■ Task description
For the data that follows, print the line with "Women Relaxed Brown", the line with "3D Wooden Puzzles", and all lines between them, exactly as they stand. Omit pictures and add nothing.

■ Data shown
○ ○ ○ ○ ○ ○ ○

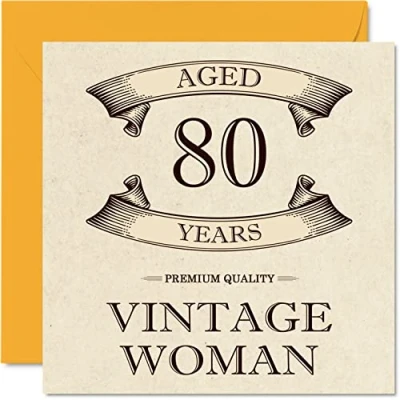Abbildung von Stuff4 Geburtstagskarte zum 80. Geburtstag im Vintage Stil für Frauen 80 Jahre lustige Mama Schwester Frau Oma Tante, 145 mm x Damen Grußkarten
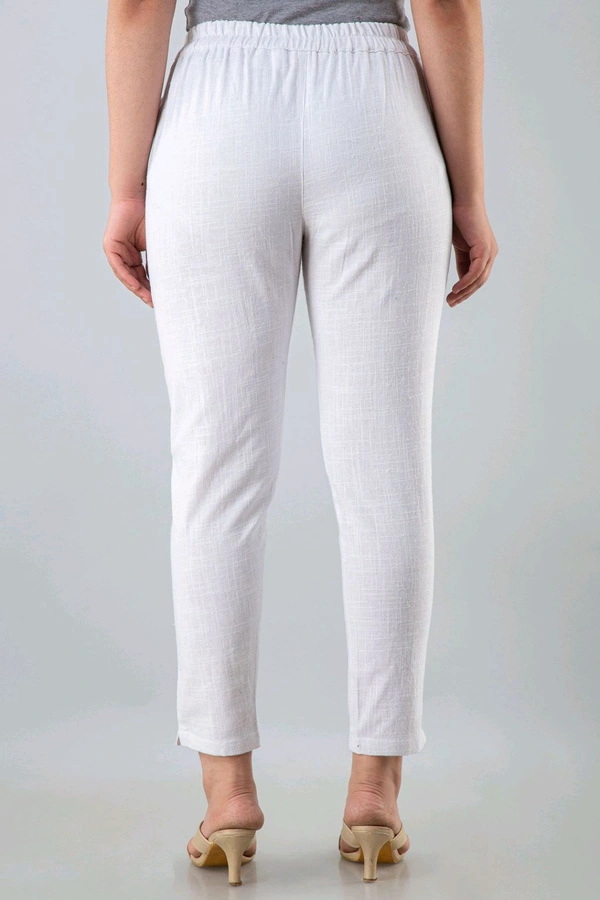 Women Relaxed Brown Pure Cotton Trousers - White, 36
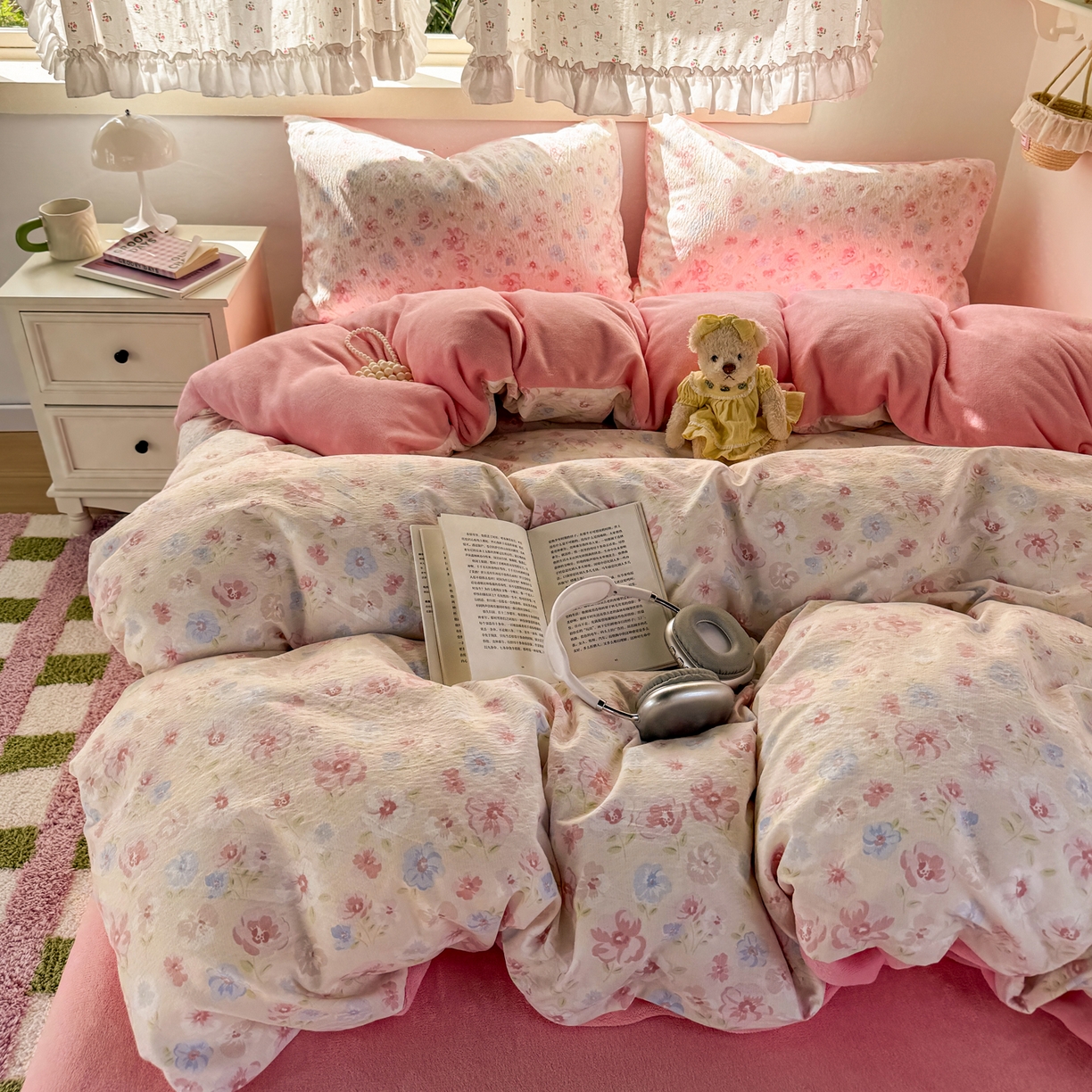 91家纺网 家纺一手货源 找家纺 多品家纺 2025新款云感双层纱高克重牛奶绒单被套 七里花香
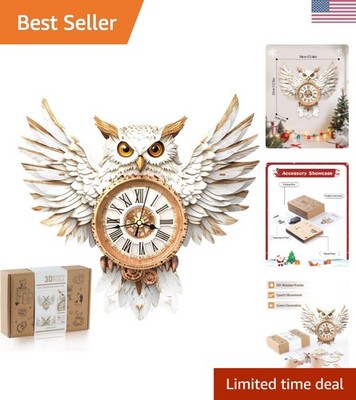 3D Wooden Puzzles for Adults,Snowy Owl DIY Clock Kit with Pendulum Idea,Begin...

○ ○ ○ ○ ○ ○ ○

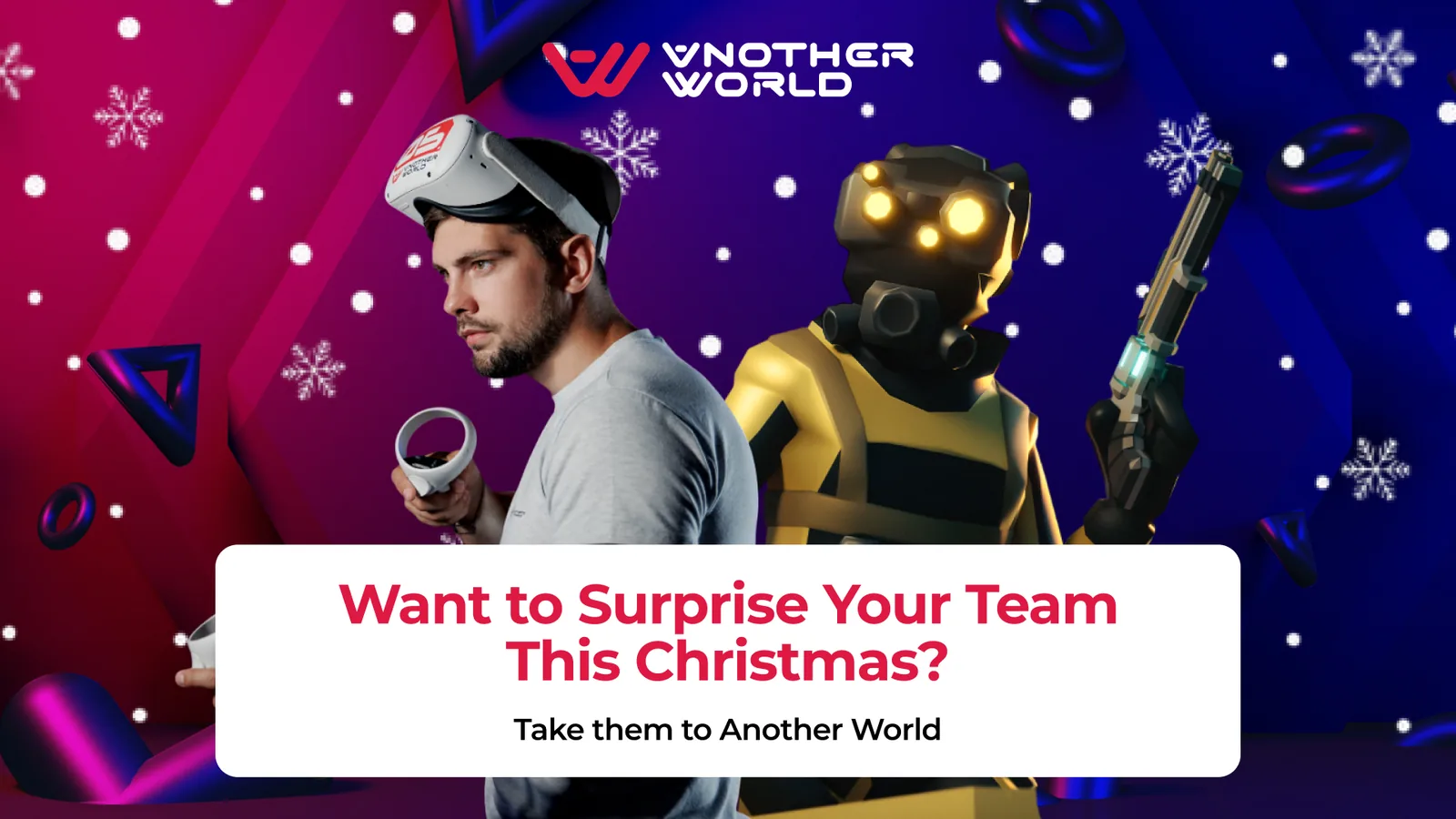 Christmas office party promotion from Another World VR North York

○ ○ ○ ○ ○ ○ ○

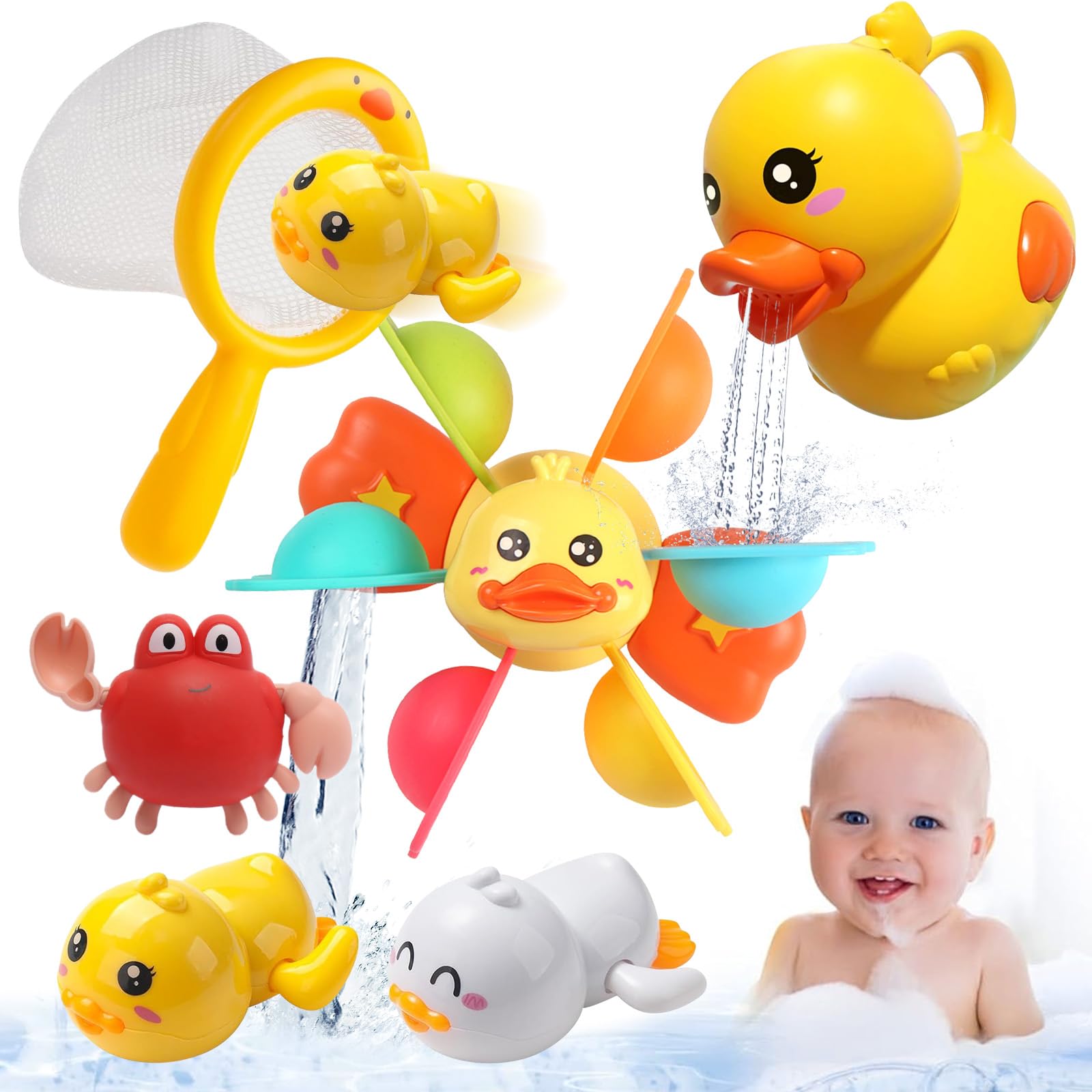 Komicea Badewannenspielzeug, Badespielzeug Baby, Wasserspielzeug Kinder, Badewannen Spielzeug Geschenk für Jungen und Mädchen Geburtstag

○ ○ ○ ○ ○ ○ ○

■ Solution for this task
 Women Relaxed Brown Pure Cotton Trousers - White, 36
 91家纺网 家纺一手货源 找家纺 多品家纺 2025新款云感双层纱高克重牛奶绒单被套 七里花香
 3D Wooden Puzzles for Adults,Snowy Owl DIY Clock Kit with Pendulum Idea,Begin...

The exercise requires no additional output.